Filed 3/25/21 P. v. Turney CA4/2
NOT TO BE PUBLISHED IN OFFICIAL REPORTS California Rules of Court, rule 8.1115(a), prohibits courts and parties from citing or relying on opinions not certified for publication or ordered published, except as specified by rule 8.1115(b). This opinion has not been certified for publication or ordered published for purposes of rule 8.1115.
IN THE COURT OF APPEAL OF THE STATE OF CALIFORNIA
FOURTH APPELLATE DISTRICT
DIVISION TWO
THE PEOPLE,
Plaintiff and Respondent, E074135
v. (Super.Ct.No. RIF1704507)
PAULAJEAN PATRICE TURNEY, OPINION
Defendant and Appellant.
APPEAL from the Superior Court of Riverside County. Bonnie M. Dumanis,
Judge. (Retired Judge of the San Diego Super. Ct. assigned by the Chief Justice pursuant
to art. VI, § 6 of the Cal. Const.) Affirmed and remanded with directions.
Stephane Quinn, under appointment by the Court of Appeal, for Defendant and
Appellant.
Xavier Becerra, Attorney General, Lance E. Winters, Chief Assistant Attorney
General, Julie L. Garland, Assistant Attorney General, Melissa Mandel and A. Natasha
Cortina, Deputy Attorneys General, for Plaintiff and Respondent.
1 I
INTRODUCTION
After punching a teenager and destroying his cell phone, a jury found defendant
and appellant Paulajean Patrice Turney guilty of felony vandalism (Pen. Code,1 § 594,
subd. (a)) and misdemeanor child endangerment (§ 273a, subd. (b)). The trial court
suspended imposition of sentence and placed defendant on supervised probation for three
years on various terms and conditions, including the obligation to “[r]eport any law
enforcement contacts” to her probation officer “within 48 hours.” Defendant challenges
the police-contact reporting condition, arguing it is unconstitutionally overbroad and
vague on its face and must be stricken or modified. We order the matter remanded to the
trial court to modify the condition consistent with this opinion. In all other respects, we
affirm.
II
FACTUAL BACKGROUND
Defendant sped up to a high school crosswalk, almost struck a student, and then
yelled profanities at the student for not paying attention. After the student’s friend, 17-
year-old E.P., yelled profanities back at defendant for her conduct, defendant made a U-
turn, pulled over, and confronted E.P. Defendant chest bumped E.P. and the two
continued to exchange profanity-laden insults. Ultimately, defendant punched E.P. in the
1 All future references are to the Penal Code unless otherwise stated.

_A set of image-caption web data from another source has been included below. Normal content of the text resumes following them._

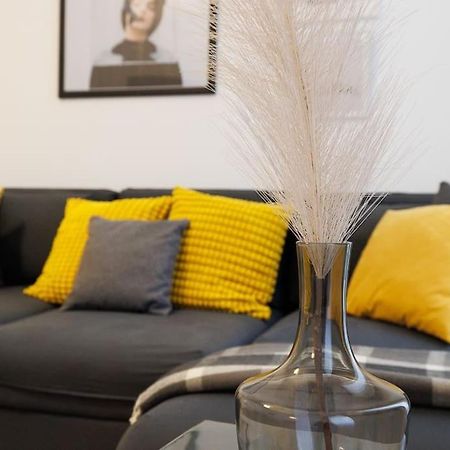 Franz 21 - Typical Viennese Apartment In The Heart Of เวียนนา ภายนอก รูปภาพ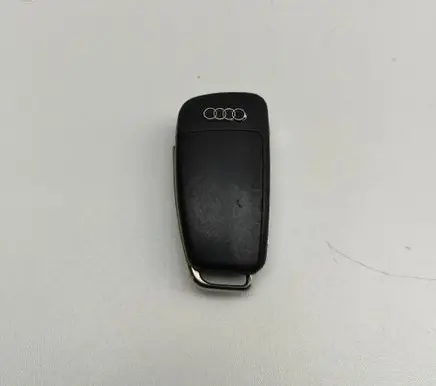 Audi Q3 8U Ignition key/card 5FA010659 8X0837220D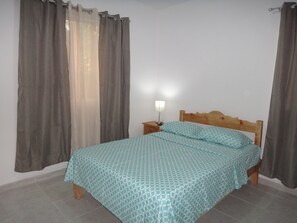 2 Schlafzimmer, schallisolierte Zimmer, Bügeleisen/Bügelbrett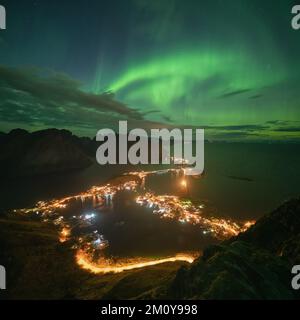 Aurora boreale su Reine da Reinebringen, Isole Lofoten, Norvegia Foto Stock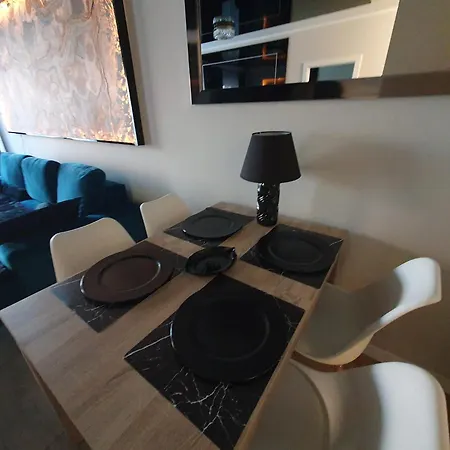 Elegant Free Parking Apartman *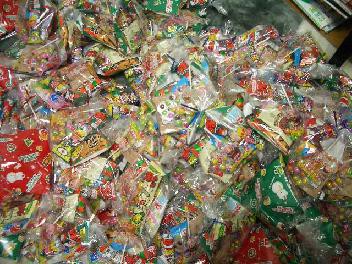 お菓子の山 ありふれた毎日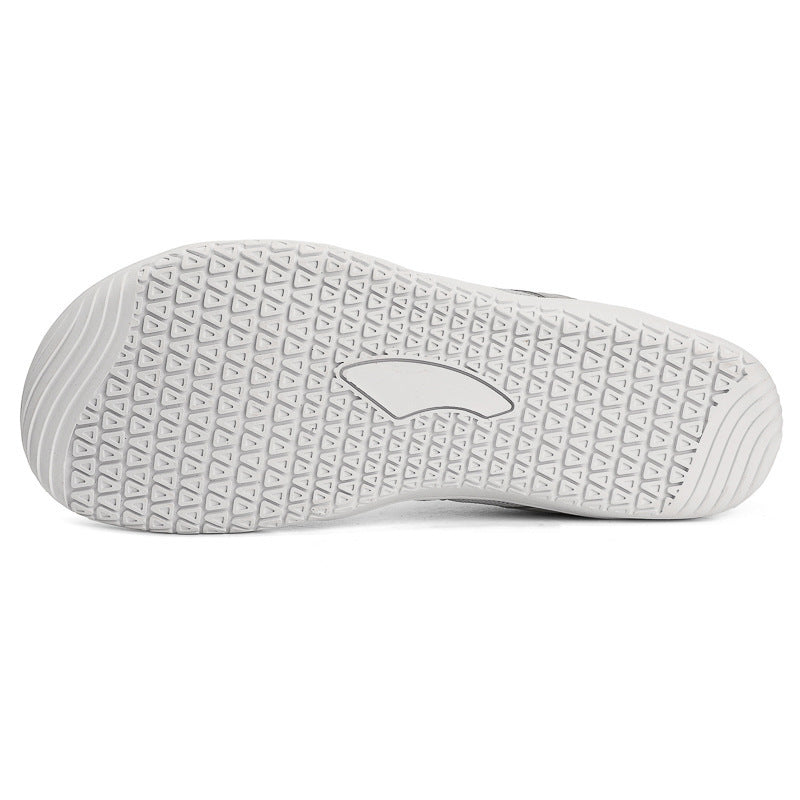 Unisex nan minimalistischer City-Sneaker mit feinmaschigem Textiloberteil, gepolstertem Einstieg und flexibler Gummilaufsohle EB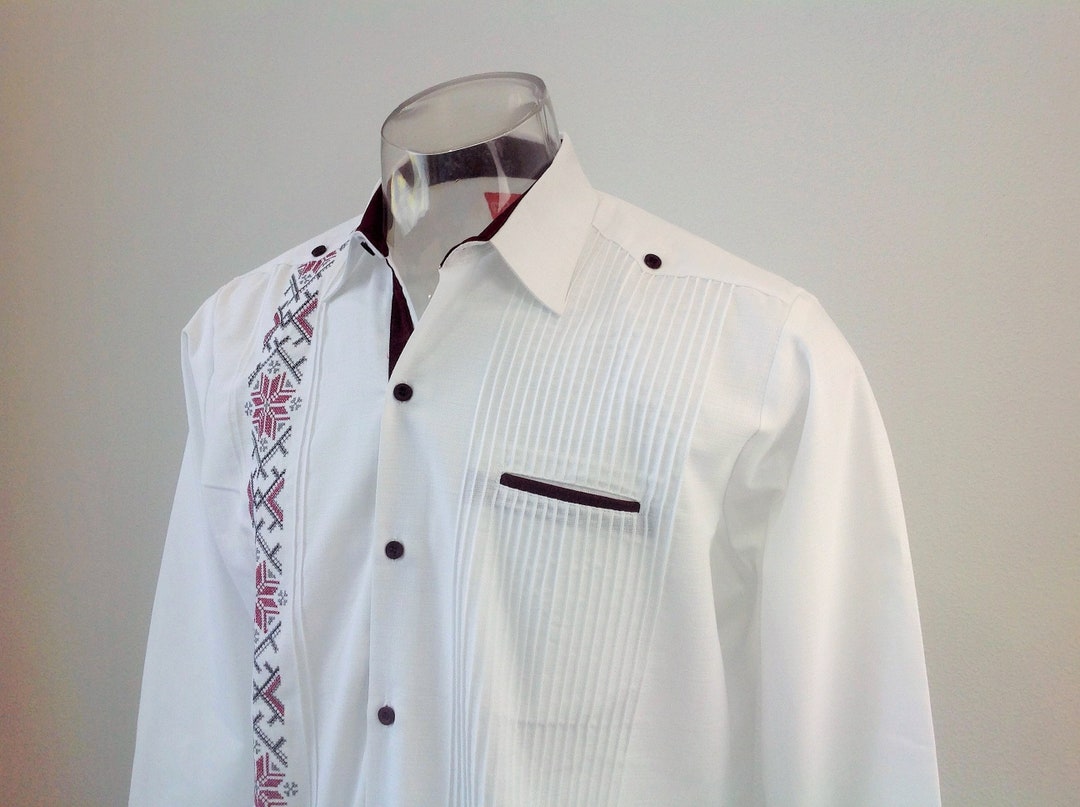 Guayabera clásica blanca con bordado de color vino para hombre
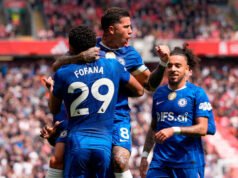 Boos នៅ Liverpool ខណៈដែលម្ចាស់ជើងឯក Premier League ទម្លាក់ពិន្ទុបន្ថែមទៀត។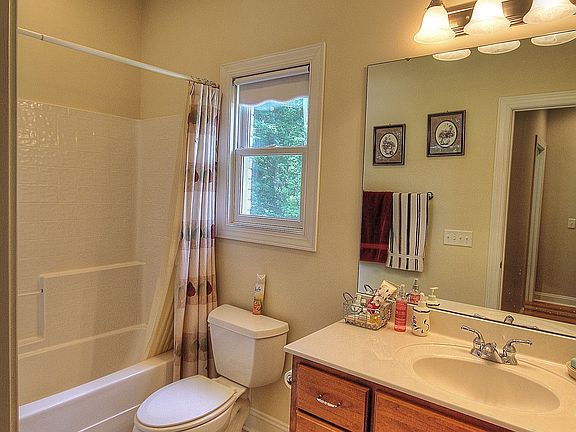 3rd image of 116 English Ivy Ln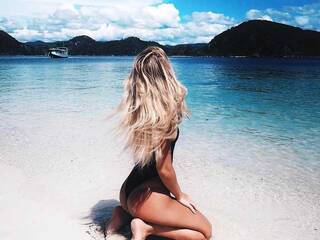 Erotinis vaizdo pokalbis Your-teacher-1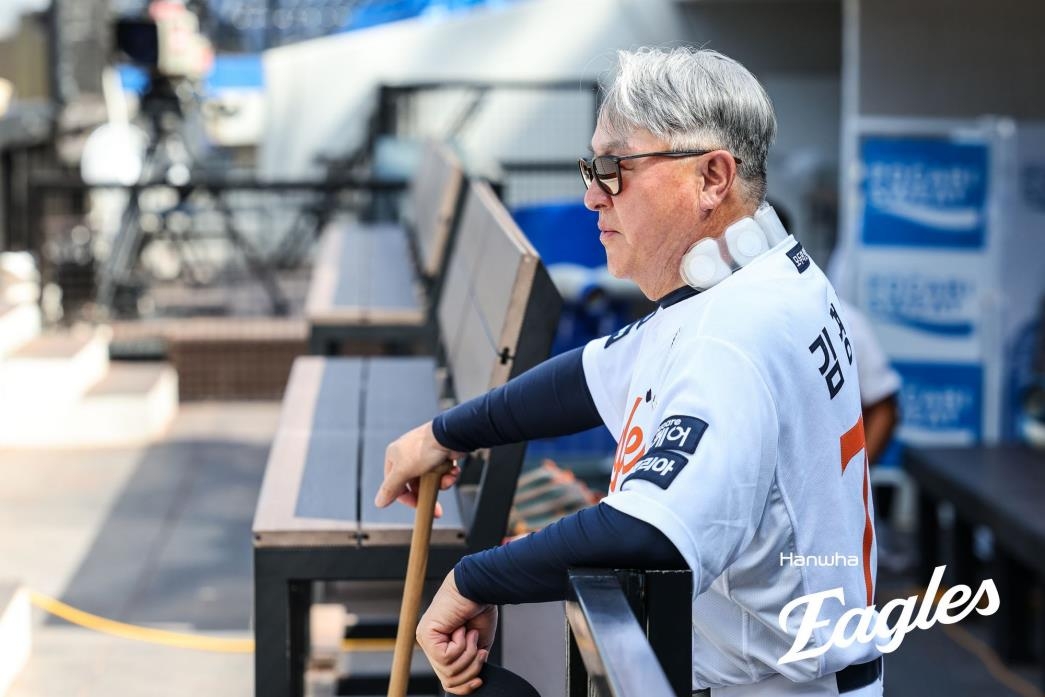 리베라토 선택한 김경문 한화 감독 "플로리얼에게 미안해"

2 mouth with a closed fist. She then grabbed E.P.’s iPhone, which he had been using to
record the incident, and threw it onto the street.
Defendant’s punch dislodged E.P.’s braces and caused redness to his eye, nose,
and chin. When E.P. recovered his phone, it was cracked and did not work properly.
III
DISCUSSION
As a condition of probation, the trial court ordered defendant to “[r]eport any law
enforcement contacts to [her] Probation Officer within 48 hours.” Defendant contends
that this condition is unconstitutionally overbroad and vague on its face. She asserts the
condition is vague because it does not delineate “between casual contact unrelated to
criminality, and contact warranting some further investigation by a probation officer.”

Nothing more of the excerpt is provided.